Objective: To solve a prison-break problem using machine learning algorithms
Here is a prisoner, Steve, He is known as a fugitive from prison.
there is a prison with special rooms.
At any stage, Steve can only move a house up, down, left, or right. Of course, if it does not hit the wall! (The red lines are walls and it's impossible to cross them.)
The heavy weight chained to the gang's foot not only made it possible for him to climb the wall, which even disturbed him through the houses of the map.
Steve first you have to cling to the keys.
As you can see in the map of prision, there are two keys in the prison that open both solo doors.
Steve will need to take one of these keys and then go to the detained detainee in solitary confinement.
In some houses, the camera path is installed; if Steve stays in these homes, his image is recorded and tortured for being roamed in prison.

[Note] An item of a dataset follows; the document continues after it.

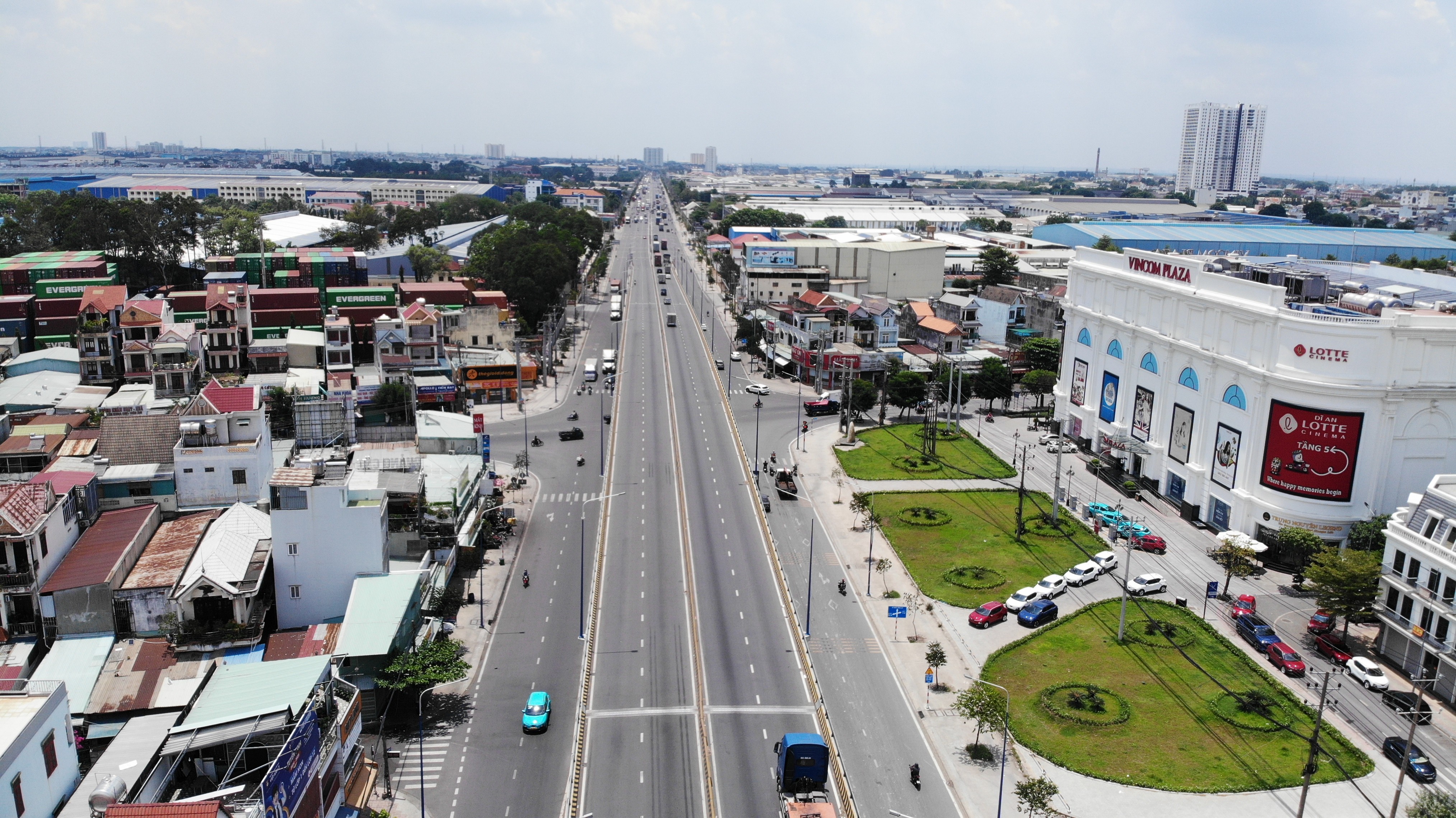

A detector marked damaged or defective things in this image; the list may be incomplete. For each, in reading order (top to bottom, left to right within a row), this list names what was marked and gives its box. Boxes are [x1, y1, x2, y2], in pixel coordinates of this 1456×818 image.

As you see in the map , the guardianship is being guarded. If Steve enters a house from the table where the guards are located, he will be arrested and exiled to the detained imprisoned until the end of his life and will no longer have the opportunity of this honorable profession!
The guards are at any moment with equal probability in one of the four houses marked with the * sign.
In order to avoid looping and confusing agent,reward of -1 should be considered for each transfer. The policy to find between 4 direction for Steve is boltzmann policy at first with high temperature and then reduce the parameter.
When lambda is zero, SARSA and Q-learning are the same and just see the next state, if lamda is considered one, the result is the same as Monte Carlo method which wait untill the end of episod.
There is a tradeoff between speed and performance in such problems. This tradeoff can be controled by lambda.
The best result is for monte Carlo but with most processing power and delay.
With the policy itaration, agent can find the optimal policy.